The first instrument I learned to play was the alto saxophone in fifth grade. I was forced to learn one, and I think my parent's even chose it for me. I didn't hate it but it wasn't something I went in to do myself, so there was always an element of it being a chore rather than a hobby. I learned to read music and to play in a concert band, which I remained in until eighth grade. I played on my church's worship team occasionally as well, which was something I definitely didn't sign up for usually. During this time though, I went from loving a handful of contemporary Christian albums, to becoming obsessed with film orchestral soundtracks, since they involved the type of music I was playing. The two CD's I'd listen to on repeat were Star Wars Revenge of the Sith and Indiana Jones and the Last Crusade, and I listened to those on repeat over and over, especially the latter. I was obsessed with Star Wars, so that just compounded the amount of time I listened to it's soundtracks. Back then we had portable CD players, and I completely wore out that CD during that era, and then my first MP3 player at first only had those 2 CD's on it for about a year.

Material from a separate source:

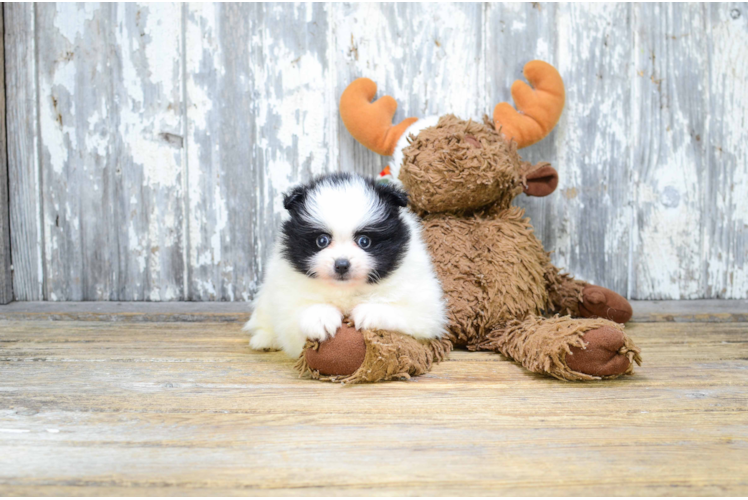 Pomeranian Pup Being Cute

It wasn't until sixth grade when I made it back to contemporary music, but not the previous ones.

Fitting in

Middle school is where hormones and puberty are in full play, and with it comes trying to fit in and eliminate as many reasons to be made of as you can. Though sixth grade was technically part of what they called the "intermediate school" in our school system to help bridge the gap between elementary age (1st through 4th) and middle school age (7th and 8th), but sixth grade felt like middle school to me, because everyone was changing drastically that year. Everyone was moving on from being a kid to getting into more "grown up" things. I felt like I needed to catch up in various ways, and music was one of those things. The catch was I still couldn't listen to anything that wasn't Christian music, so anything kids were listening to at school was off limits. So I ventured into the CCM genre, where youth group kids go to find Christian artists that are similar to mainstream ones. I remember sitting down and going through all of the CD's that my older brother had, and aiming to find one that he wasn't as obsessed with. I wanted to find one unique to me, that I could call my own favorite artist. I listened to a few, and the one that immediately hooked me from the opening track was Switchfoot's Nothing is Sound. I loved the cover art, I loved the darker tone and the lyrics were intriguing to me. I didn't want Christian worship music, just music written from a Christian's perspective, and Switchfoot's lyrics met that requirement and went far beyond it by being deep, philosophical, and reflective. I ripped it to my MP3 player and was obsessed. I listened to that album on repeat for weeks, until I remembered my brother had another album of theirs I remember listening to before, so I found The Beautiful Letdown and the obsession continued with those two albums for about a year.

My first band

During that year, I naturally became interested in, like I mentioned earlier, dissecting the songs and hearing each instrument and element of the songs. I wanted to learn guitar so bad so that I could play along with them. Saxophone was out, guitar was in. Except this time I was doing it for my own interest and obsession, not because I was told to. That is a huge element of motivation for anyone, but especially me. I begged for an electric guitar for Christmas and my birthday. I can’t remember the occasion I got one, but both me and my friend Tyler got the same set with it’s own little amp: a Fender “Starcaster” which is basically a cheap beginner version of the Stratocaster. We began to learn how to play on our own, and eventually started getting lessons from a friend at our church, Don. He taught us a ton in the basics of guitar, learning to play to written music (which I knew of course, but Tyler was learning), playing to tab, and as we got better and better, he’d let us bring songs to him to learn so he can then teach us to play, until we were able to do it on our own with the help of the internet. It was also during this time when we were starting to dabble in writing our own music. We had friends in our church youth group that were already in a band and writing their own music, and they were big inspirations for us to do that same. We looped in our friend David to play bass for us, which eventually turned into drums instead, and we were officially a band. We went with the name “Second Start” and our first song came along pretty quickly with the help of our mentor, Don. We had the bones of the song and I made sure we were structuring the chords correctly for the key, and other helpful tips. He also helped us record it in his basement studio. That was my first exposure to recording and editing and using a DAW like Pro Tools on the computer to do it all. I was hooked. I loved that process of creating a song and putting it all together in that setting. I enjoyed that so much more than actually performing as a band.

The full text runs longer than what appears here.